Lihat ke Halaman Asli

Tarawih dan Kegembiraan

Diperbarui: 12 Juli 2016   09:03

Kompasiana adalah platform blog. Konten ini menjadi tanggung jawab bloger dan tidak mewakili pandangan redaksi Kompas.

Oleh Ngainun Naim

Puji syukur Alhamdulillah, akhirnya puasa sebulan tertunai. Karena anugerah-Nya semata sehingga puasa bisa dijalankan sampai akhir. Rasanya bahagia sekali mendengar lantunan takbir dari berbagai penjuru sebagai pertanda berakhirnya bulan Ramadhan. Esok pagi, umat Islam akan menjalankan shalat idul fitri.

Setiap orang memiliki pengalaman menarik saat menjalankan puasa. Salah satunya adalah saat menjalankan shalat taraweh. Menjelang shalat isyak, umat Islam berbondong-bondong ke masjid atau mushala untuk menjalankan shalat taraweh. Melihat fenomena keberagamaan semacam itu, ada rasa bahagia. Ada kesejukan.

Mushala di tempat saya menjalankan shalat tarawih 20 rakaat plus 3 rakat shalat witir. Tentu, menjalankannya bukan pekerjaan yang ringan. Butuh perjuangan. Kadang shalat berada di antara sadar dan tidak. Maklum, setelah seharian bekerja, sangat mungkin kondisi fisik sudah sangat lelah sehingga shalat tarawih dijalankan dengan sisa energi.

Saat kecil, rakaat demi rakaat shalat tarawih menjadi ajang pertanyaan. Ya, jika selesai salam, saya sering berdebat dengan teman-teman tentang kurang berapa rakaat. Padahal, salam baru satu kali.

Kini, giliran anak saya kalau sedang shalat bersebelahan dengan saya yang bertanya. ”Kurang berapa rakaat?”. Itu pertanyaan khas yang meluncur. Saya biasanya hanya memberi isyarat dengan jari.

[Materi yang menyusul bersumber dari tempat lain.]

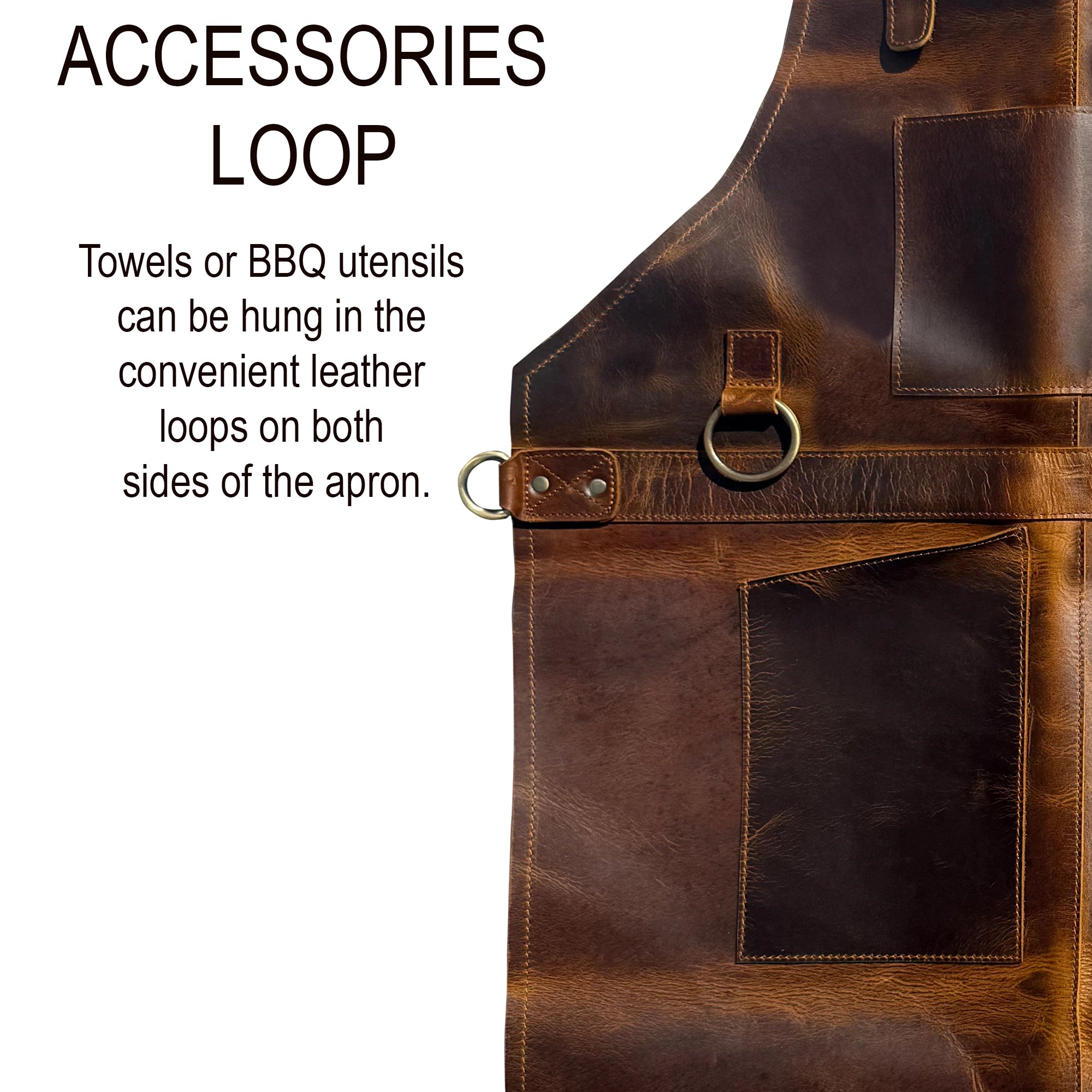 Full-Grain Buffalo Leather Apron - Professional BBQ & Workshop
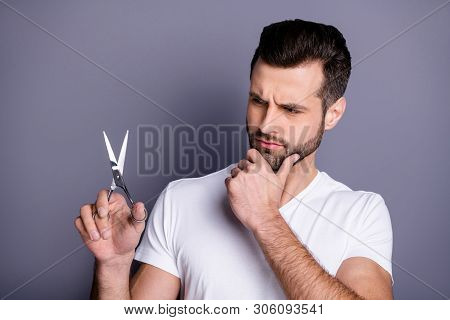 Close Up Photo Amazing He Him His Macho Deny Not Sure Use User Hand Arm Metal Hair Styling Scissors 
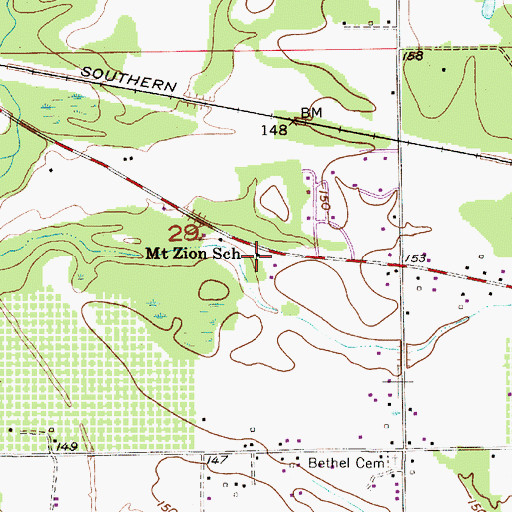Topographic Map of Mount Zion School, AL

Sebagian dari kita menjadikan shalat tarawih di masa kecil sebagai salah satu kenangan tak terlupakan sepanjang hidup. Jangan dibayangkan shalat tarawih itu sebagai media mencari pengalaman keberagamaan. Sama sekali bukan. Shalat tarawih bagi anak-anak adalah ajang kegembiraan.

Saya ingin mengutip tulisan Jalaluddin Rakhmat yang berjudul ”Puasa dalam Proses Penyempurnaan Diri” yang dimuat dalam buku Kembali ke Jati Diri, Ramadhan dan Tradisi Pulang Kampung dalam Masyarakat Muslim Urban (Bandung: Mizan, 2013). Jalaluddin Rahmat di halaman 59 menulis:

Mungkin di antara ritual Ramadhan yang paling meriah adalah shalat tarawih. Bagi anak-anak kecil, shalat tarawih yang menjadi momen berkumpulnya umat Muslim di masjid merupakan hiburan tersendiri. Saya senang melihat banyak orang berbondong-bondong ke masjid. Dengan latar belakang tradisi NU, shalat tarawih di kampung saya berlangsung 20 rakaat dan ditambah shalat witir 3 rakaat.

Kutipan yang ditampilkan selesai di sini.